New audit sheet is available here..
https://docs.google.com/spreadsheets/d/1MS4IcUSyJxOiKeQ14HN-uajstIv8hGM7Xz9hXFTmfnk/edit?usp=sharing
@steelhead31 I guess the table from #2879 (comment) would suggest that the ones with an "empty"
Java version
column are using the default on the system.
I believe so for the online ones at least... they will be using the system default, or they may have been connected from the node itself with a different JDK from the default... I'll audit a few of them, and see if its obvious to discern those two cases.
Looks like there's plenty of precedent and no objections to tweaking the jenkins agent config so I suggest we go for that, using /usr/lib/jvm/jdk-17
where available and a suitable platform-specific alternative elsewhere.
@sxa I'm guessing build-azure-win2012r2-x64-4-sxa is on your home network? I cant get into it
Since I deleted the jenkins service on build-alibaba-win2012r2-x64-1 and I cant get it back up, for now I have the jenkins agent running in a background process with java17.

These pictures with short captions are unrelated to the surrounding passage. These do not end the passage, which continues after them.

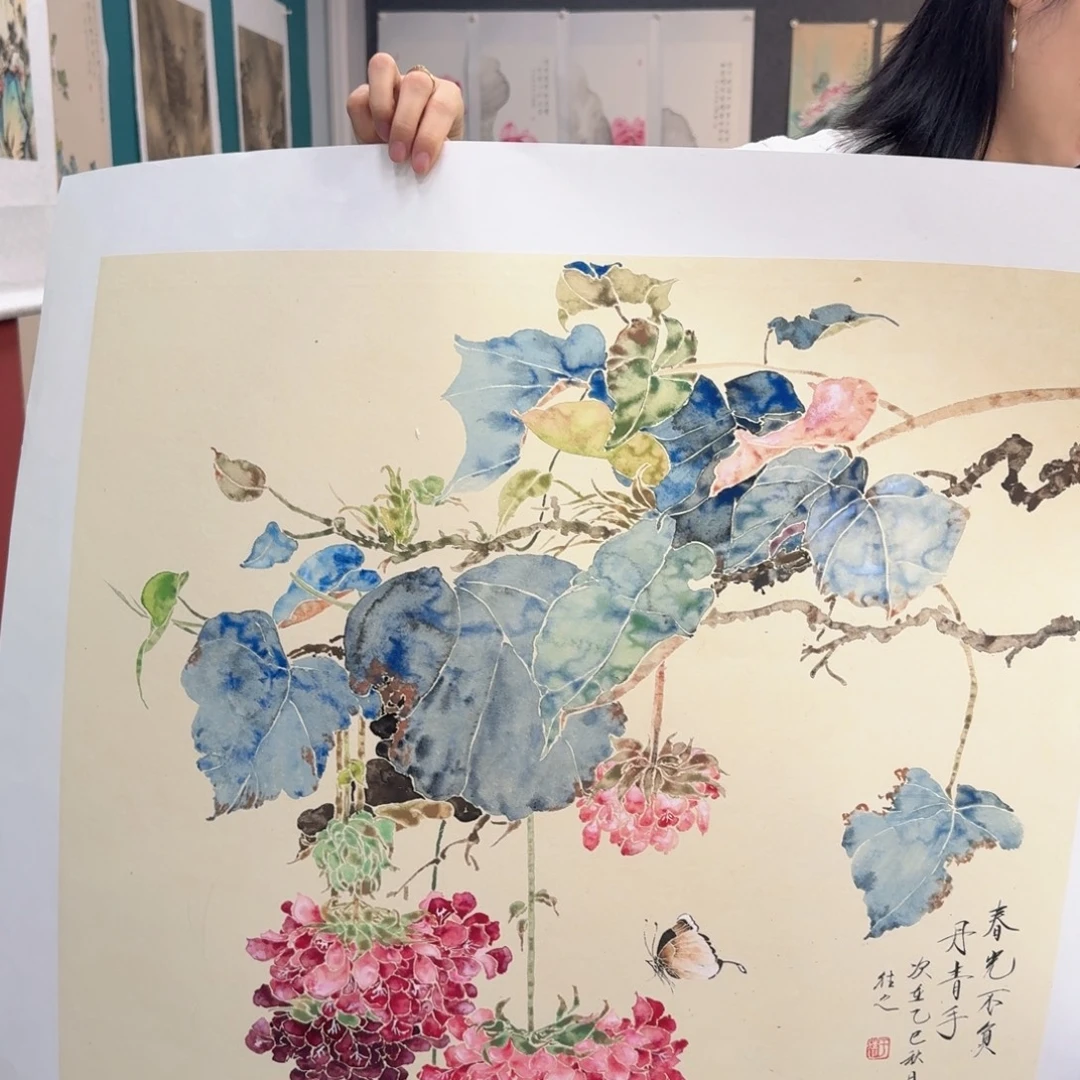 国画国画作品山水花鸟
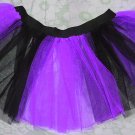 Christmas Purple Black Stripe TUTU SKIRT Punk Cyber Rave Gothic Goth EMO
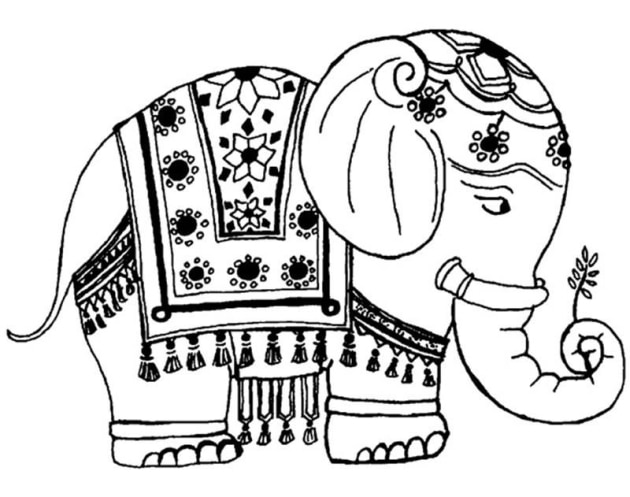 ausmalbilderkinder.de – Ausmalbilder Elefant 03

Steps to change the java path for the jenkins service:
- In the jenkins user folder (C:\Users\jenkins usually) there should be a jenkins-slave.xml file
- Open it with an editor and change the executable path to your desired java path
- Save and close the file
- Restart the jenkins service in Services
- Check the System Information page for the jenkins node to see if the update has taken place
@sxa I'm guessing build-azure-win2012r2-x64-4-sxa is on your home network? I cant get into it
No - the only ones hosted be me are the test-sxa
ones. I'll check that definition as I think it's one of a set that I used when working with Andrew on reproducible builds. It probably just needs to be deleted.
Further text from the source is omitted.